> [Directions] Write the records out again exactly, but without pictures.

> [Data extract]
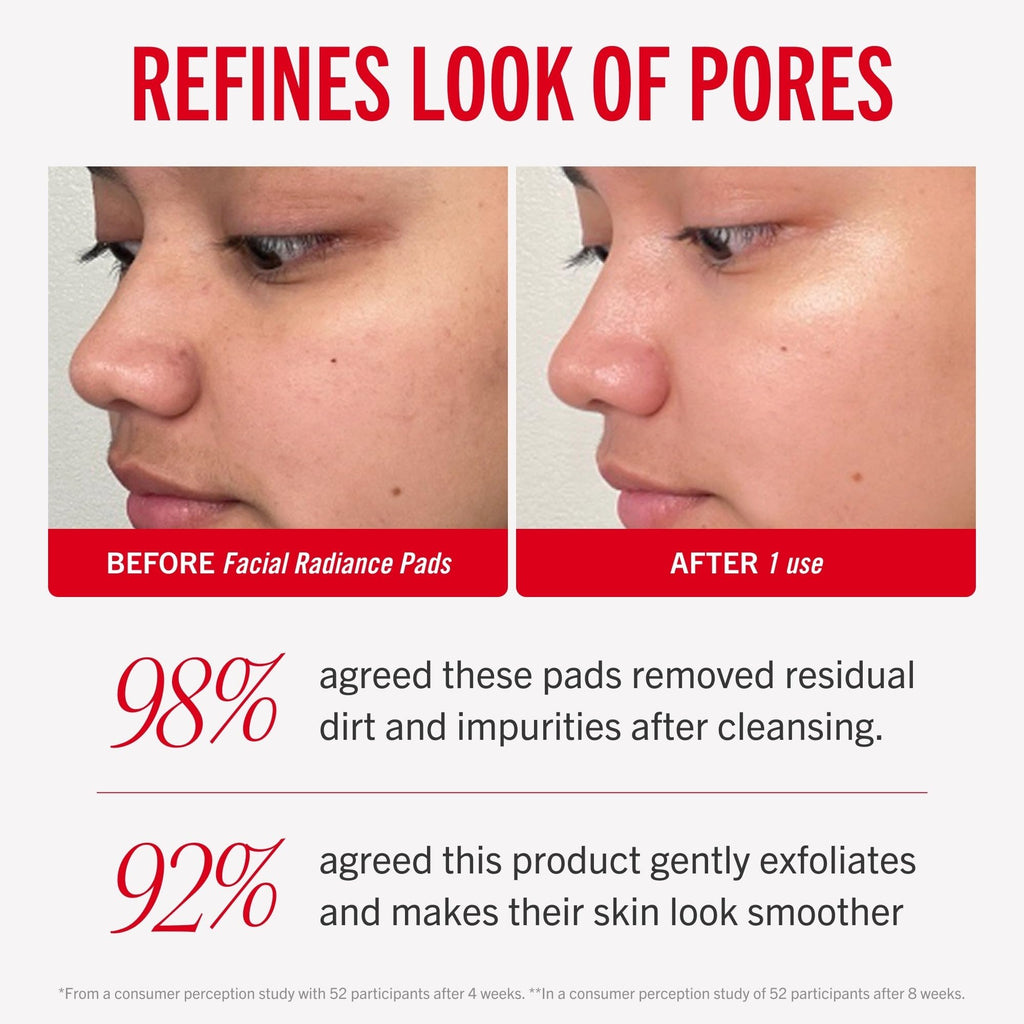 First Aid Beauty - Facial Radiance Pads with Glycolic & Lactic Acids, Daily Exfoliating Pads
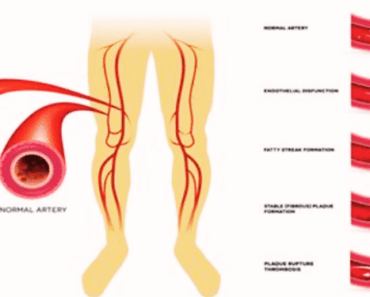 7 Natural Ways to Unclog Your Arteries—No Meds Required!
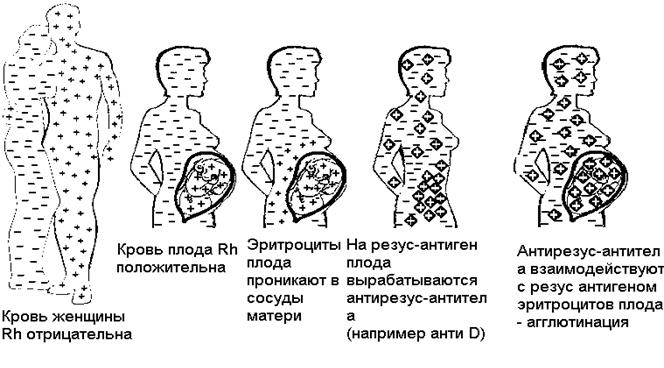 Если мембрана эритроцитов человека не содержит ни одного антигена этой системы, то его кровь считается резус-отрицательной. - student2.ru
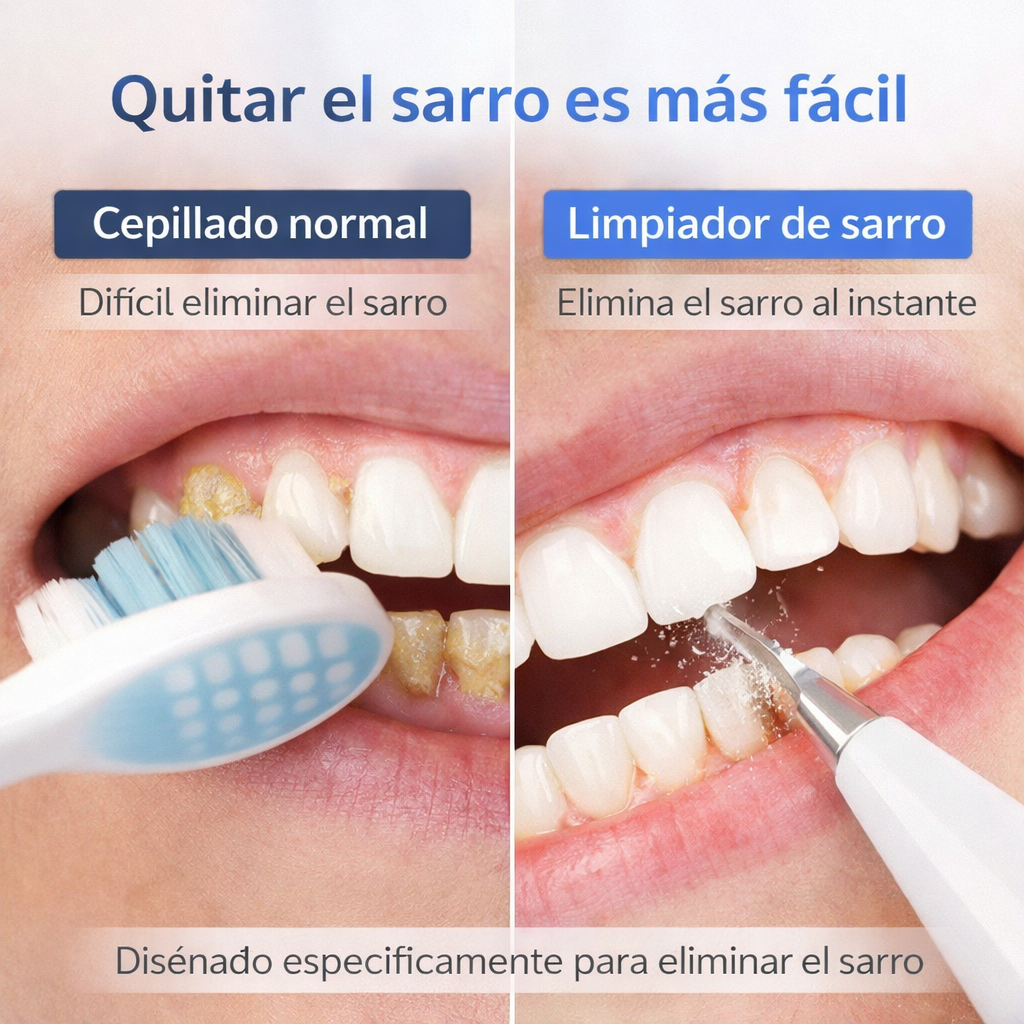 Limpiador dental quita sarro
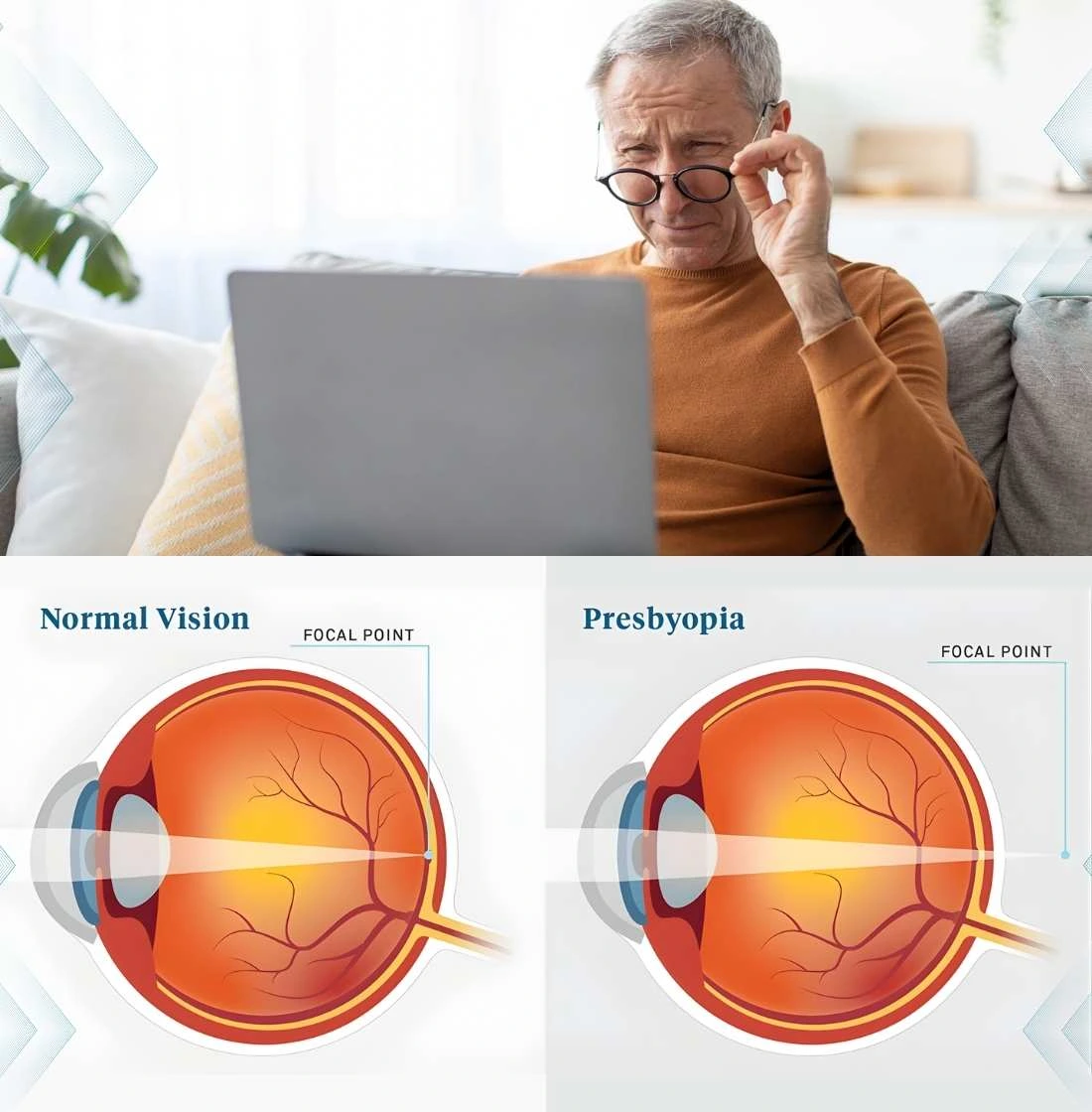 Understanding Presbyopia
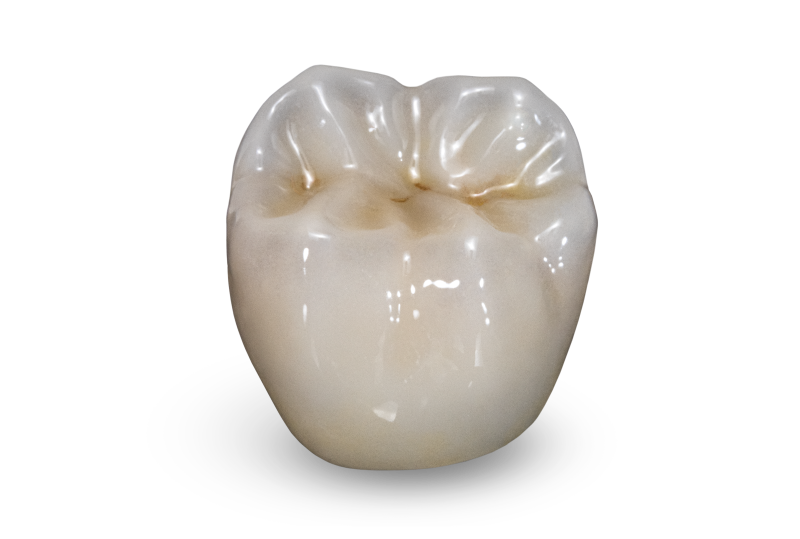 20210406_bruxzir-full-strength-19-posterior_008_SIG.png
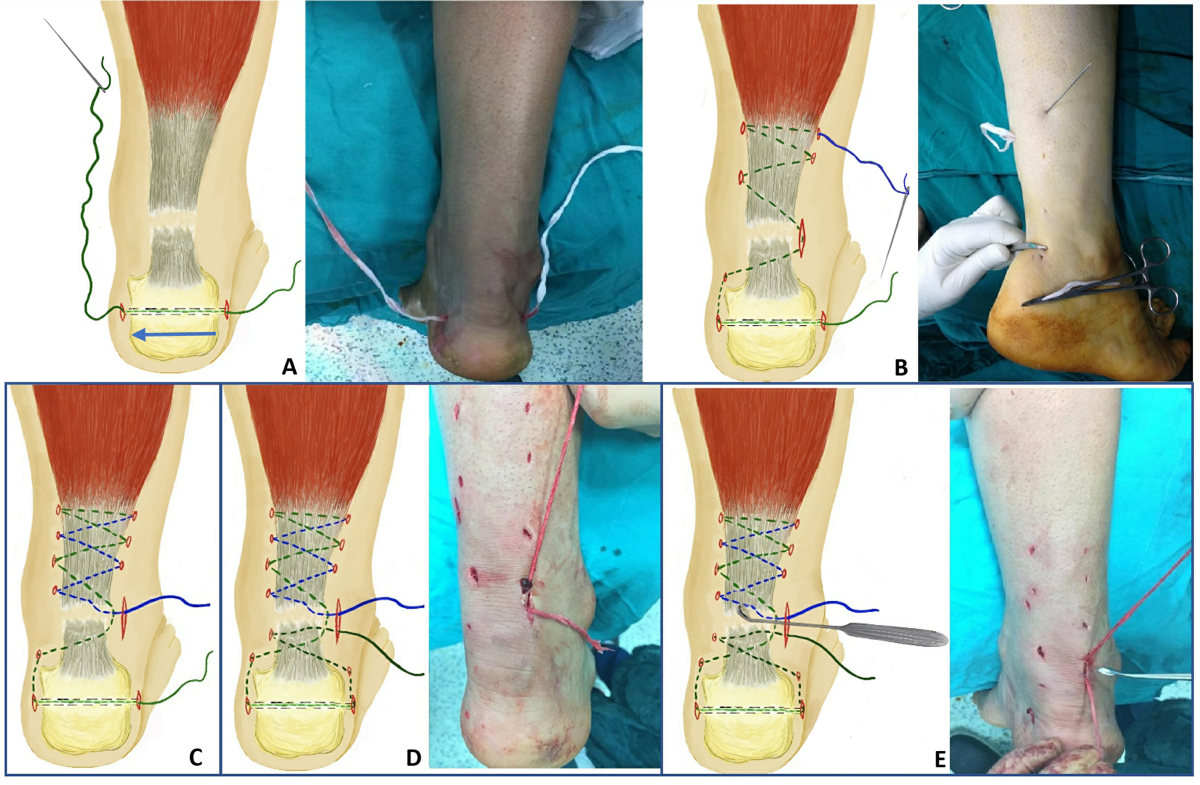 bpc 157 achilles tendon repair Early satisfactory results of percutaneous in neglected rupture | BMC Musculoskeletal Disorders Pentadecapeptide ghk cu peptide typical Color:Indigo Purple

> [Response]
 First Aid Beauty - Facial Radiance Pads with Glycolic & Lactic Acids, Daily Exfoliating Pads
 7 Natural Ways to Unclog Your Arteries—No Meds Required!
 Если мембрана эритроцитов человека не содержит ни одного антигена этой системы, то его кровь считается резус-отрицательной. - student2.ru
 Limpiador dental quita sarro
 Understanding Presbyopia
 20210406_bruxzir-full-strength-19-posterior_008_SIG.png
 bpc 157 achilles tendon repair Early satisfactory results of percutaneous in neglected rupture | BMC Musculoskeletal Disorders Pentadecapeptide ghk cu peptide typical Color:Indigo Purple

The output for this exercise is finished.